Did you hear about the professor who lost 27 pounds eating Twinkies? It’s a prime example of how to create your own message that will resonate with the public, and how to better leverage your search marketing campaigns.
Here’s the basic rundown if you haven’t seen it:
Mark Haub, a professor of human nutrition at Kansas State, lost 27 pounds and lowered his cholesterol by eating Twinkies and other junk food.
In just a couple days after this story broke out, it hit almost every big publication. Do a search right now on just “Twinkie” and you’ll find first page results on the guy losing weight.

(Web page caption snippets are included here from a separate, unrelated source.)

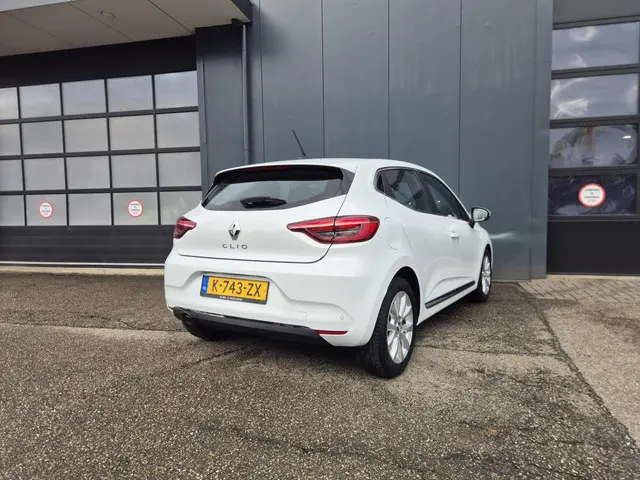 Renault Clio 1.0 TCe Intens 2021 Benzine 3
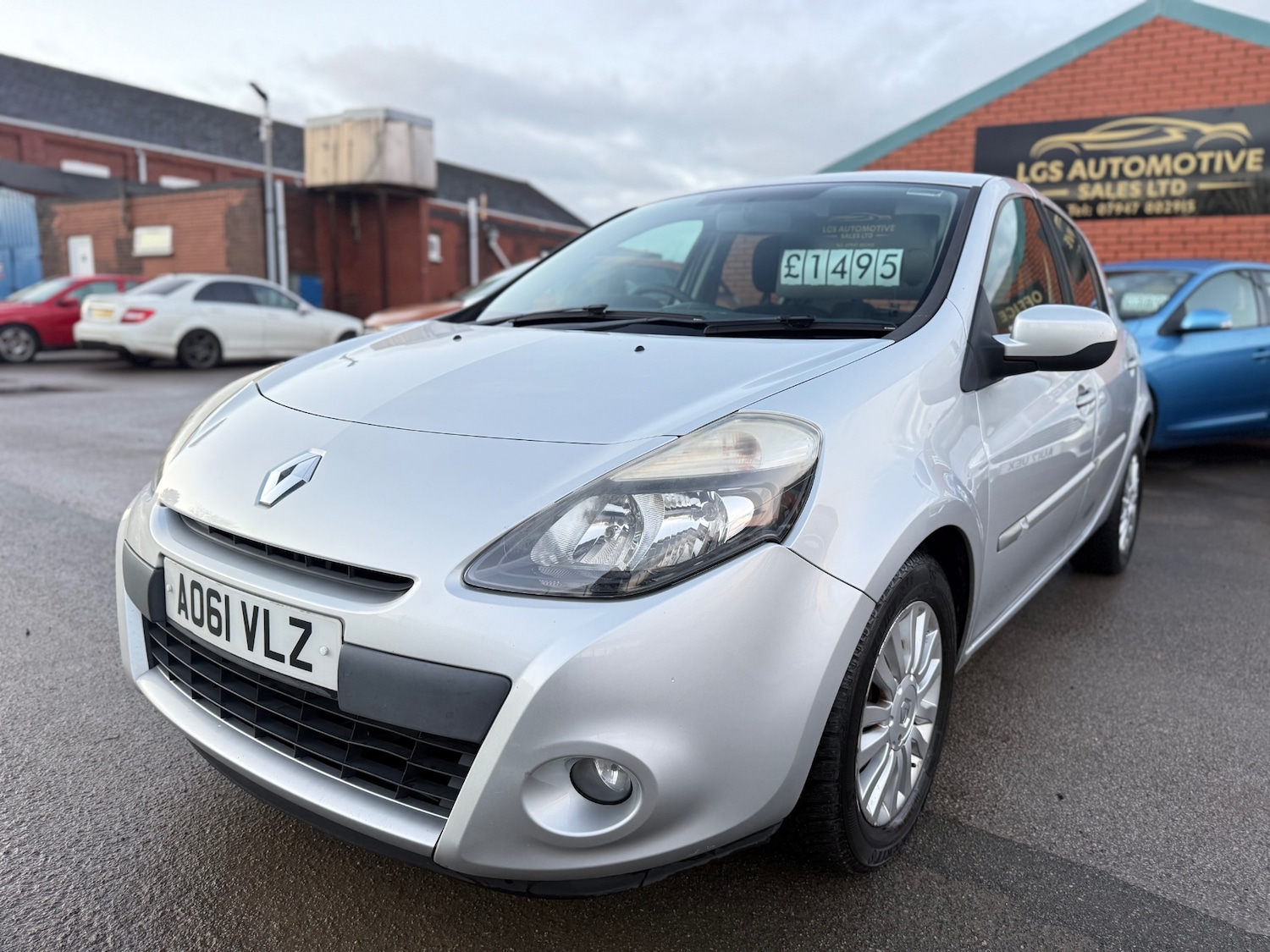 Used Renault Clio 2012 for sale - 76687418: Photo 3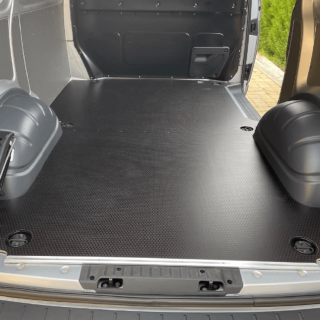 Rutschfester Holzboden aus finnischem Birkensperrholz. Dunkelbraune Farbe. Rutschfester Holzboden aus finnischem Birkensperrholz. Dunkelbraune Farbe.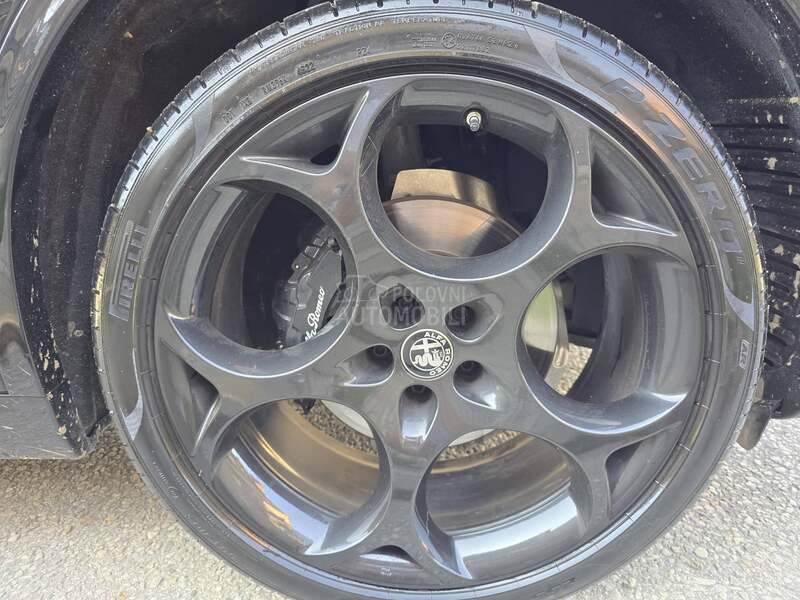 Alfa Romeo Stelvio Q4 ESTREMA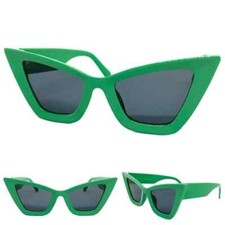 OVERSIZED Exaggerated Classy Elegant Modern Retro Cat Eye SUNGLASSES Green Frame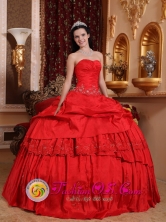 Appliques Beautiful Red 2013 Quinceanera Ball Gown Dress For Formal Evening Sweetheart Taffeta In San Cosme y Damian Paraguay Style QDZY560FOR  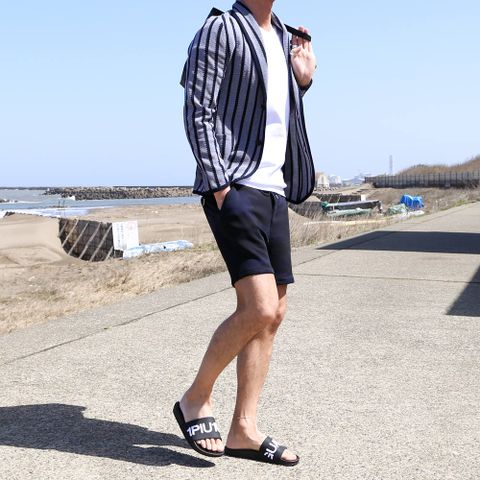 「カーディガン✕ショートパンツ」スタイル
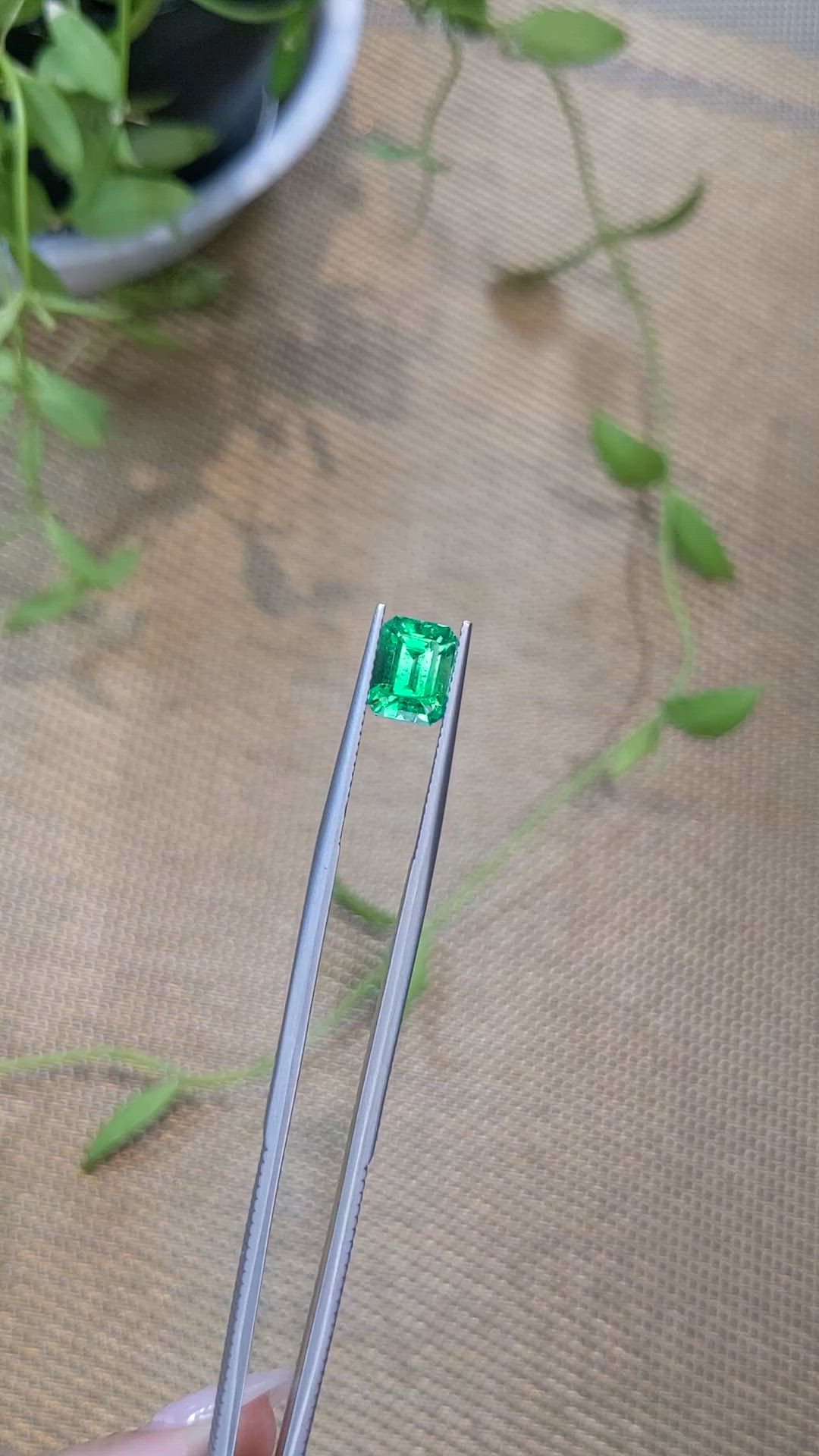 2.50 Ct. Emerald from Russia Size Video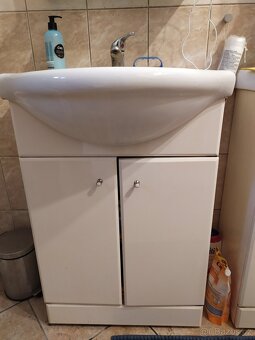Koupelnová skříňka s umyvadlem a baterií - 2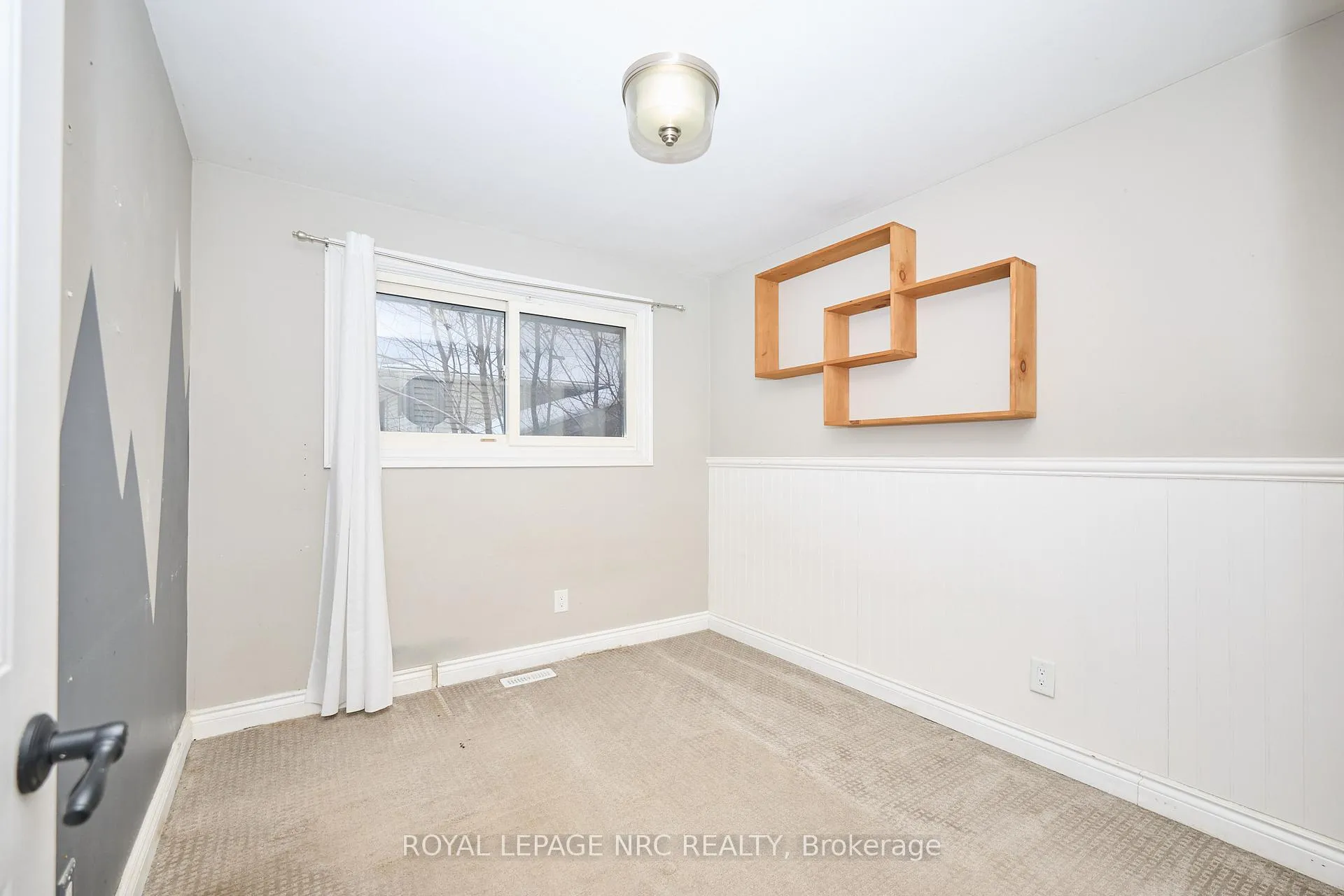 Photo 13 of 6796 Stokes Street, Niagara Falls, Dorchester — HOMEH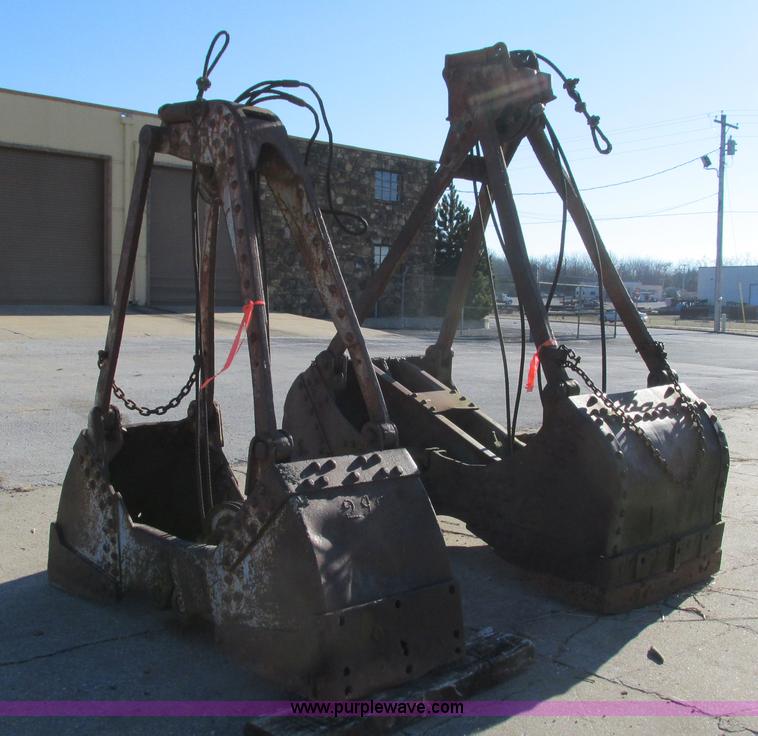 image for item BG9169 (2) clam shell buckets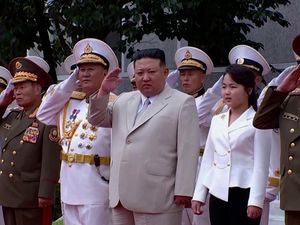 Momen Kim Jong Un Ajak Putrinya Kunjungi Markas Angkatan Laut Korut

A search for “Twinkie diet” gets 131,000 results. Search for “Mark Haub” and his Twinkie binge is all over the search engines. And the story is going viral all over Facebook and Twitter, too.
So what is it about this story that makes it resonate and stick with audiences everywhere? And how can we similarly create stories about our companies that can have similar effect? I’m sure this is big for Hostess and its Twinkies.
If you’ve read the book “Made to Stick” you’ll understand where I’m going. The Twinkie story fits each of the six ingredients that make an idea resonate. The acronym is SUCCES:
Simplicity
The message is very simple: You can lose weight by eating Twinkies. This is the core of the idea. Each marketing message should similarly communicate the basic idea so it’s easily understood.
Unexpected
The results of the Twinkie diet are extremely unexpected. Losing weight and lowering cholesterol by eating Twinkies? Nobody would believe that. This is probably the biggest reason this story has quickly reached a huge audience.
Concrete
This is about understanding, remembering and applying. If a CEO were to write the Twinkie story, he may have written it like: “Hostess Twinkies cultivated distributed portals and synergized integrated, turn-key schemas, and as a result, an industry-leading professor hit a benchmark of his mission-critical success and at the convergence lost 27 pounds.”
Instead, the story is: Professor loses 27 pounds by eating Twinkies. It’s more concrete and understandable. Strip down the corporate speak and leave a concrete message.
Credible
When talking about eating and losing weight, what’s more credible than a professor of human nutrition? What if it was a student instead? It would probably still be a sticky message, but not near as successful as a nutrition professor.
Emotional
Losing weight and improving health is near and dear to almost every one of us. And everyone would love to eat junk food if it wasn’t as bad for us. This story combines these things magically. Finally, I can eat Twinkies and be healthy! While that’s really not what the good professor recommends in the story, that’s the emotional tug that keeps us interested.
Stories
Stories by themselves are concrete and have emotional and unexpected elements. This is a story about an educated man losing weight in a surprising way. If it was just about the numbers of how you can lose weight by eating Twinkies and avoiding going over a certain calorie limit, then it wouldn’t have near the effect of telling a story about an individual doing it.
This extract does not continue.